MiniPACS networks can also serve as an element of a reliability strategy, splitting out certain critical PACS components as part of a miniPACS integrated with the overall system, Horii said.

"A system like this may actually be operated in parallel with a full PACS," Horii said. "If the mini- or full PACS fails, the working system can sustain operations."

At UPMC, the departmental PACS vendor initially was not able to support all of the functions needed for reading ultrasound studies, necessitating an ultrasound miniPACS, Horii said. After five years of serving UPMC, however, the initial miniPACS vendor left the market, and UPMC has since switched to a new vendor.

Today, the miniPACS supports DICOM modality worklist, a feature that yields vastly improved technologist productivity, Horii said.

"Our ultrasound volume has gone up about 17% in the last three years or so, and we've actually lost one sonographer FTE during that time," he said.

The ultrasound miniPACS captures cine loops and allows for flexible image playback, and can measure or remeasure images, including frame-grabbed and Doppler waveforms, he said.
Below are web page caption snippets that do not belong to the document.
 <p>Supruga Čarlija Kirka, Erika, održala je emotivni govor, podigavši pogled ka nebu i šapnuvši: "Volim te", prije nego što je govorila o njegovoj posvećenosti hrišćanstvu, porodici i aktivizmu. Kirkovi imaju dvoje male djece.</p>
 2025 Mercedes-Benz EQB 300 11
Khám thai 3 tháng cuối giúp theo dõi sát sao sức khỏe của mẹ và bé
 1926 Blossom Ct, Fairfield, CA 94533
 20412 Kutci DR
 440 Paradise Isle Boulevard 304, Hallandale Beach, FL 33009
It also provides color support.

The miniPACS is not presently integrated with the departmental PACS, an intentional decision as UPMC was also planning to switch its main PACS vendor and didn't want to invest resources to integrate with a PACS that was going to be replaced, Horii said. About a year's worth of images are available online, and images are being archived in the storage system of the new departmental PACS.

A few integration issues have come up. For example, the vendor is supposed to provide the ability to view other DICOM images on miniPACS workstations, a capability that has yet to be delivered, Horii said. In addition, DICOM modality worklist operates through the RIS-PACS broker back to the ultrasound machines.
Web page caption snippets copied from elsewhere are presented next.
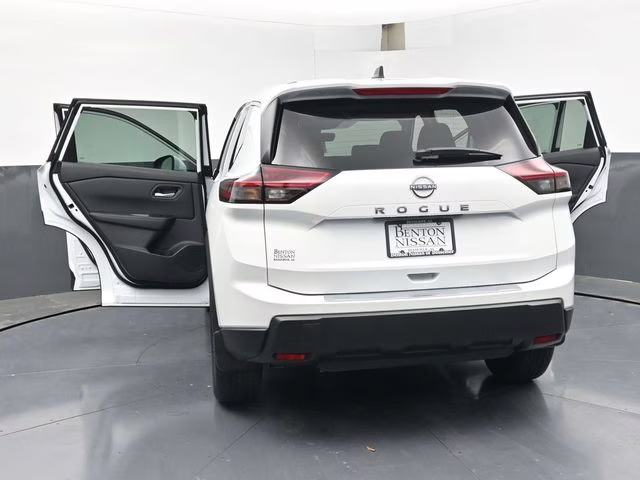 2026 Everest White Pearl Tricoat Nissan Rogue SV FWD SUV
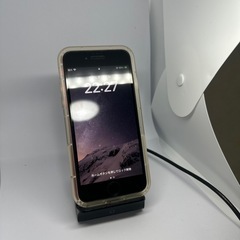 Anker PowerWave 7.5 Stand ワイヤレス充電器の画像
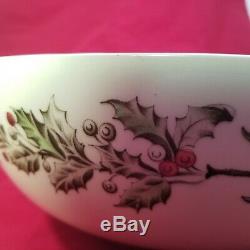 Johnson Bros Merry Christmas 12 Punch Salad Serving Bowl Large Rare Classic USA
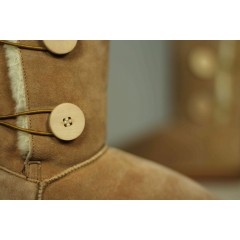 Подростковые / женские угги UGG Classic Tall пуговицы ( бежевые )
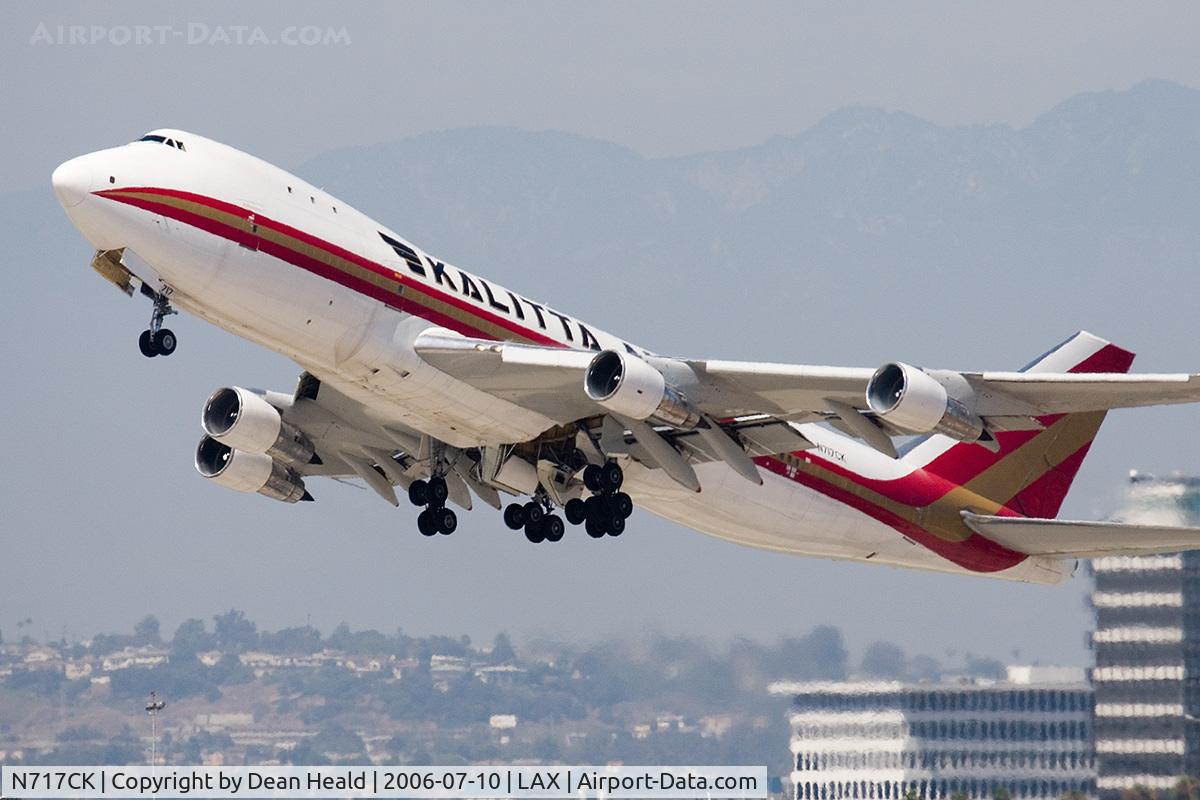 N717CK, 1971 Boeing 747-123 C/N 20325, Kalitta Air N717CK (FLT CKS9717) climbing out from RWY 25R for a short flight to Ontario Int'l (KONT).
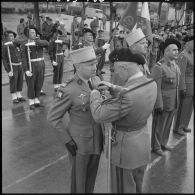 Tizi Ouzou. Le capitaine Audinot, officier de la section administrative spécialisée (SAS) de Beni Douala, est décoré par le général Faure de la rosette de la légion d'honneur.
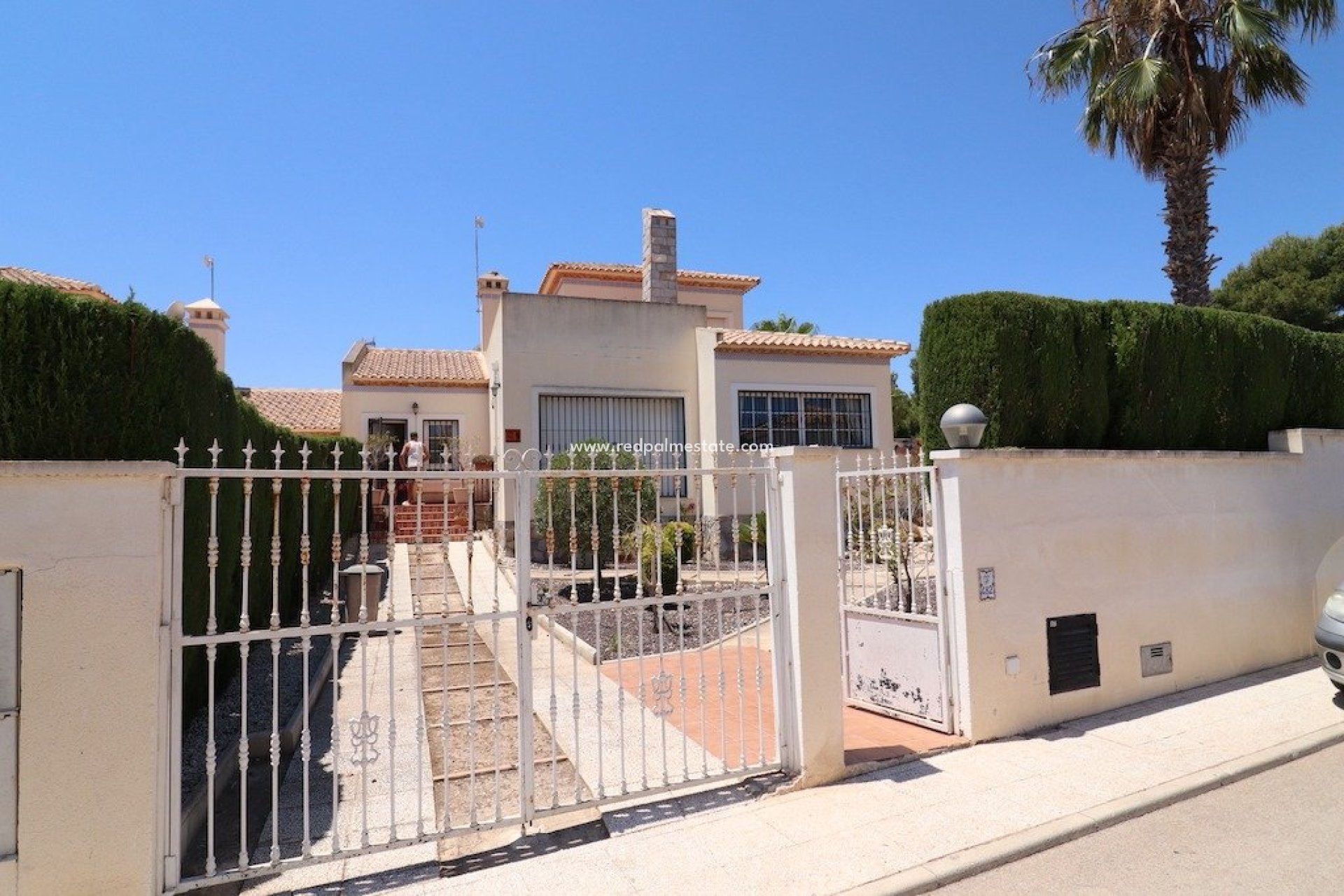 Återförsäljning - Fristående villa -
Orihuela Costa - Las Ramblas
While the ultrasound scanners support DICOM performed procedure step and structured reporting, the PACS vendor and the miniPACS vendor don't currently support any of those features, Horii said.
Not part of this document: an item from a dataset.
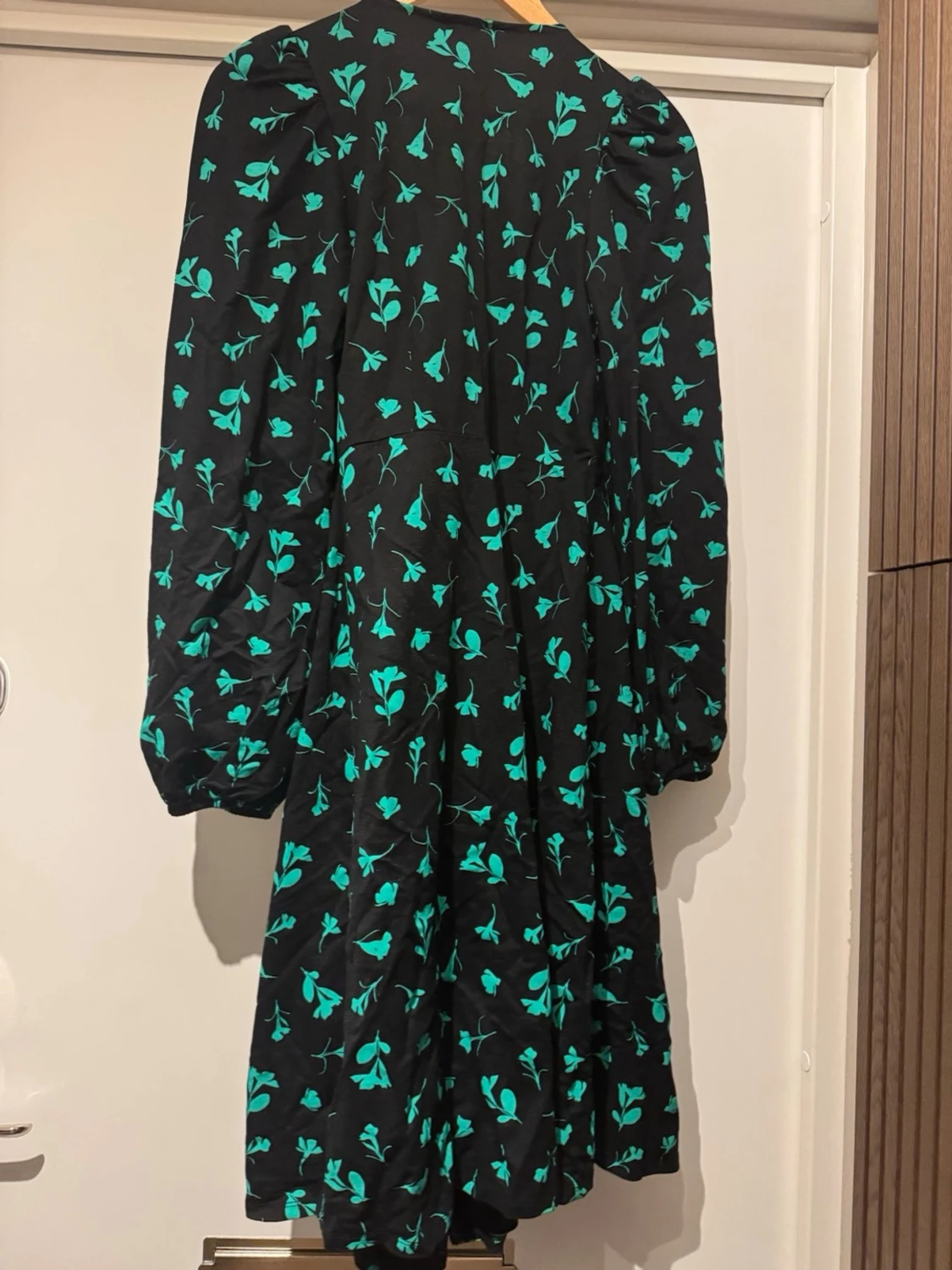Svart blommig omlottklänning - 1
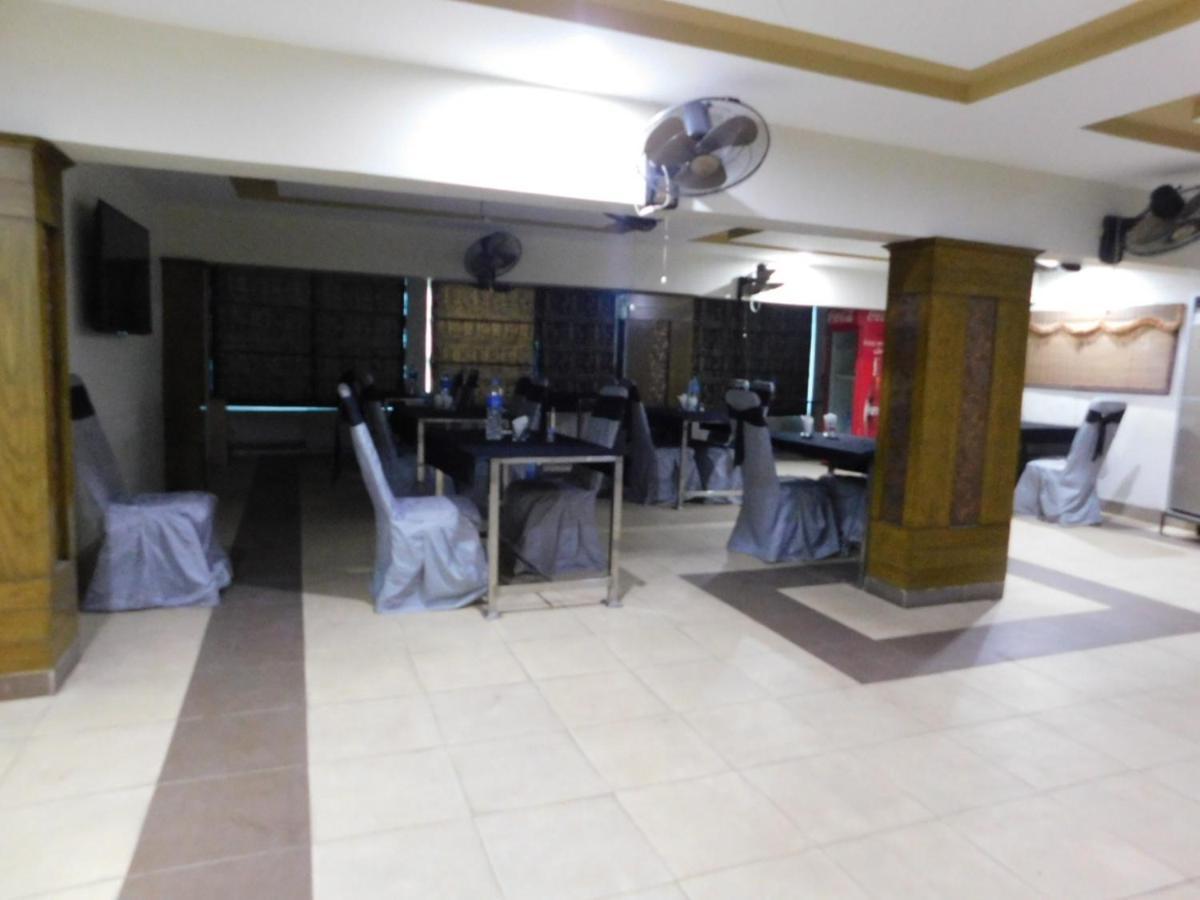 Hotel Multan Extérieur photo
 "Our technologist still has to get into the RIS and conclude the exam after the study is done," he said.

Speech recognition is not integrated into the miniPACS, and there's also no access to reports on the RIS from the miniPACS, Horii said. In addition, the ultrasound scanners support DICOM storage commitment, but the miniPACS doesn't.

Integration models

If you have a miniPACS network, and want to integrate the system with a departmental PACS, there are a few ways to go, including duplicate storage, duplicate online storage, and separate online storage with a single archive.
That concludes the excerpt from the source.